--- YOUR TASK ---
From the line containing "岸本石材工業株式会社　本社周辺の地図" down to the last line of the material below, copy each line exactly and leave out the rest.

--- DATA EXCERPTS ---
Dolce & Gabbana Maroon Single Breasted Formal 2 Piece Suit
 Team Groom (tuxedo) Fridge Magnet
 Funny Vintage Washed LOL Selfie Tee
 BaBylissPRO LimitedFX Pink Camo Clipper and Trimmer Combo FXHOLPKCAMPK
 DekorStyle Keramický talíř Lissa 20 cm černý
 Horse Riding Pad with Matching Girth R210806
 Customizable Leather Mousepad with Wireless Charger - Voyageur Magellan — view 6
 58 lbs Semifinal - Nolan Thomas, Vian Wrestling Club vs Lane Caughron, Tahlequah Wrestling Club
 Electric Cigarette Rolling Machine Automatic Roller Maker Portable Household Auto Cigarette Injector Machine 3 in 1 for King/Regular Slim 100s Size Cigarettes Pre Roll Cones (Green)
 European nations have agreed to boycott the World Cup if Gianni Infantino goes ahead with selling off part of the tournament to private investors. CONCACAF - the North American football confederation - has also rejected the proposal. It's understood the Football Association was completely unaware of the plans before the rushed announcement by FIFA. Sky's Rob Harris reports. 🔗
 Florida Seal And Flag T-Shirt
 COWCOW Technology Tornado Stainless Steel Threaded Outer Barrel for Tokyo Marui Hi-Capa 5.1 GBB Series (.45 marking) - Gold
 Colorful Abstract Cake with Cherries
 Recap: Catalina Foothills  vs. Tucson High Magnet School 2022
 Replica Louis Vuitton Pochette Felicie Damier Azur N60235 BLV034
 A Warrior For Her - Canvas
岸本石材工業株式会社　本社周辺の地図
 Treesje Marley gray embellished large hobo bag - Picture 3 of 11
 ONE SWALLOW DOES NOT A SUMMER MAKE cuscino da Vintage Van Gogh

--- PROBLEM SOLUTION ---
岸本石材工業株式会社　本社周辺の地図
 Treesje Marley gray embellished large hobo bag - Picture 3 of 11
 ONE SWALLOW DOES NOT A SUMMER MAKE cuscino da Vintage Van Gogh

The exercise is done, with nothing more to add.